### TASK OBJECTIVE:
Starting from the line in which "Registran playas de" appears, set down each line exactly through the end of the listing, and nothing else. Leave out pictures.

### THE DATA:
++++++++++++++++++++

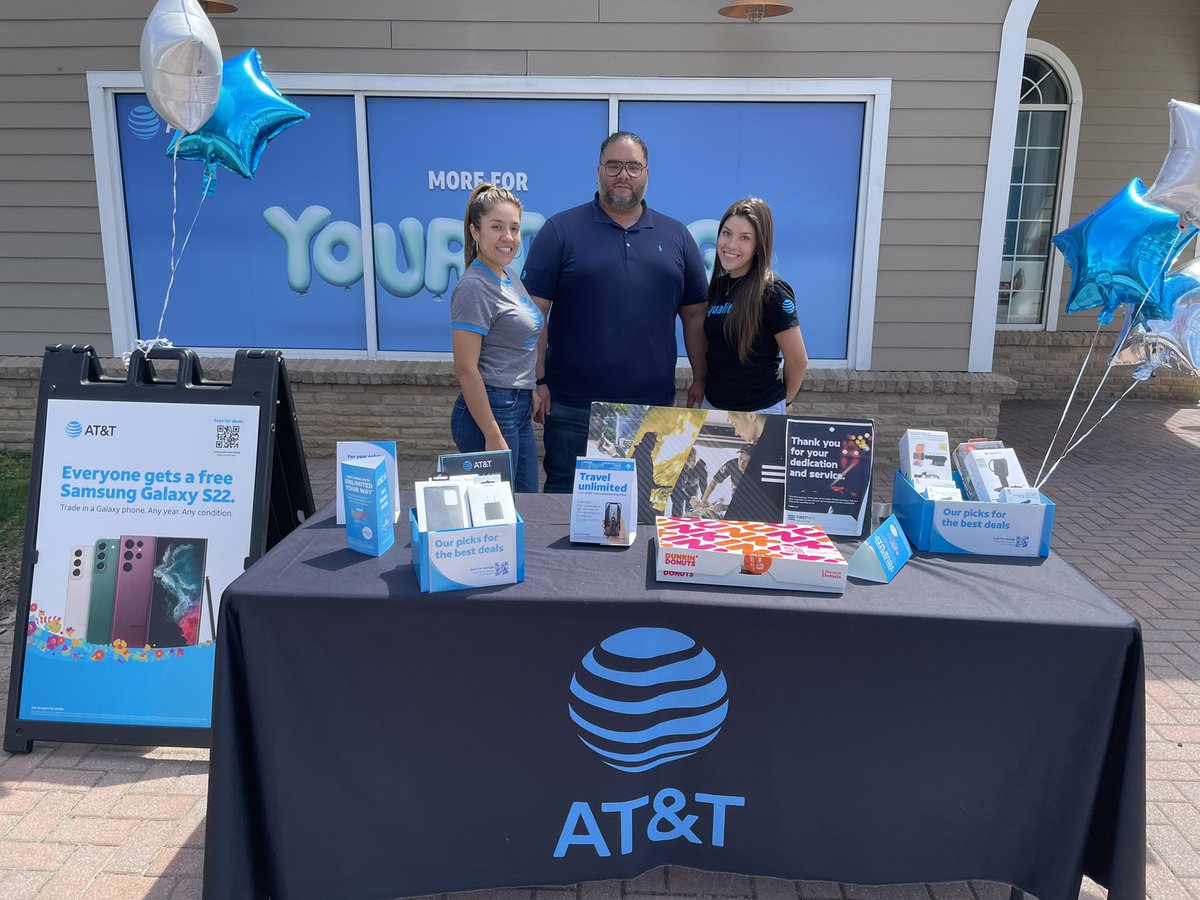 Team Shirley is ready to rock on this beautiful day! FN-OMENAL Saturday. Come and get your free Samsung and Apple Watch on us 💪🏼 <a href="/judy_cavalieri/">Judy Cavalieri</a> <a href="/KirkBailey17/">Kirk Bailey</a> <a href="/Adam_Soltan12/">Adam Soltan</a>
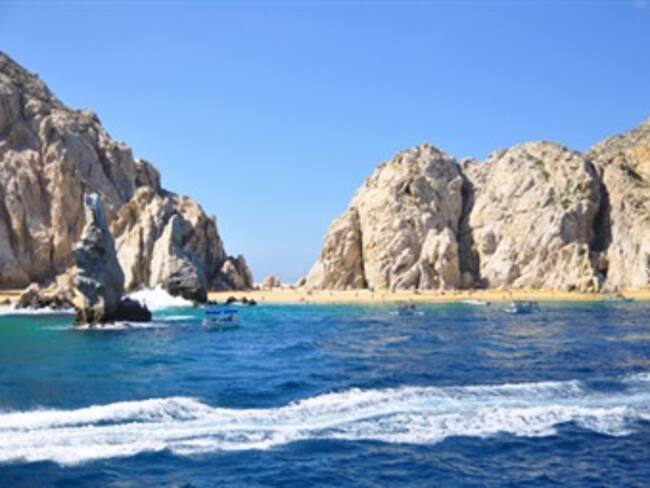 Registran playas de Baja California oleaje normal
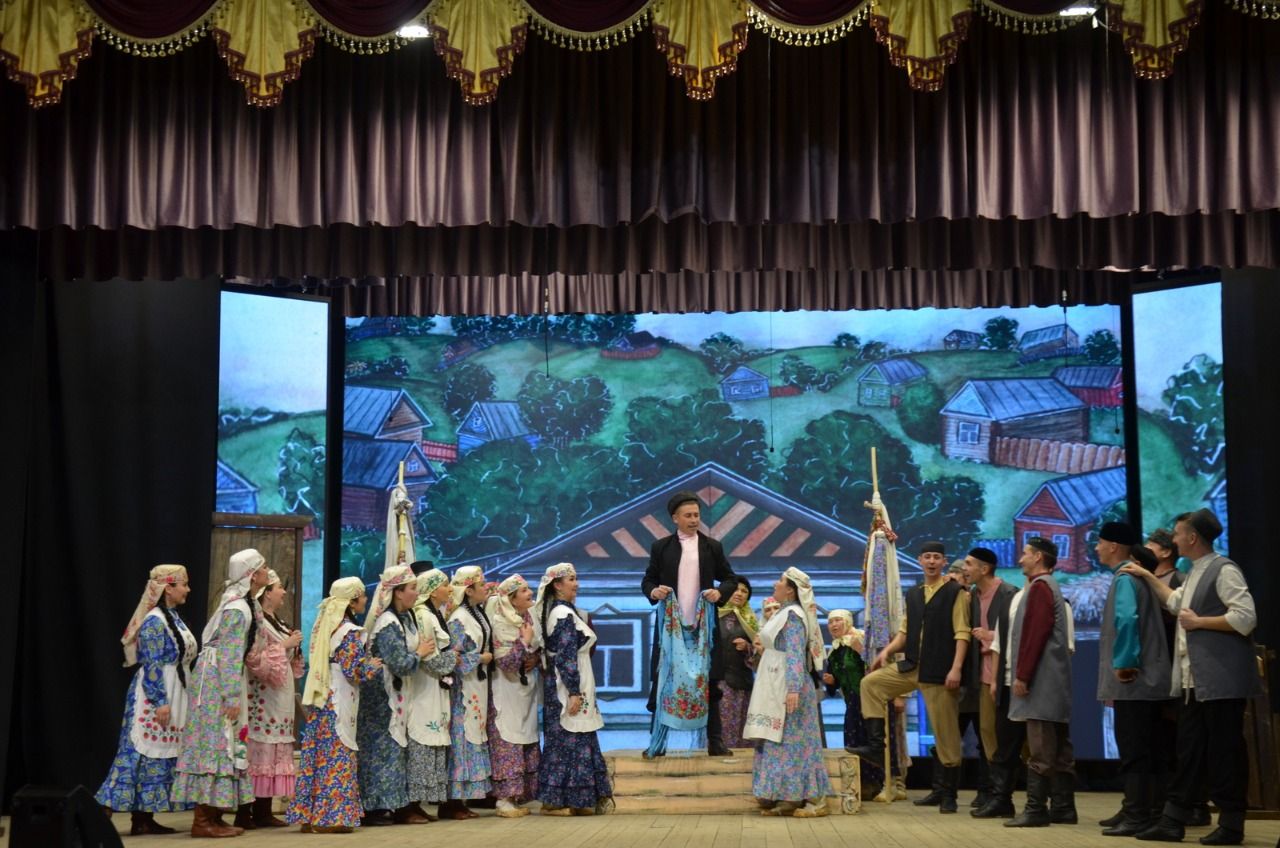 Муслюмовский театр поставил в Сармановском Доме культуры драму «Голубая шаль»
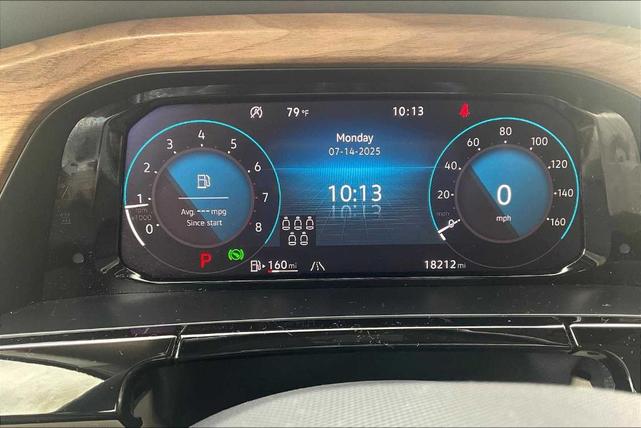 Photo of 2024 Pure White Volkswagen Atlas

++++++++++++++++++++

### SOLUTION TO THIS EXERCISE:
 Registran playas de Baja California oleaje normal
 Муслюмовский театр поставил в Сармановском Доме культуры драму «Голубая шаль»
 Photo of 2024 Pure White Volkswagen Atlas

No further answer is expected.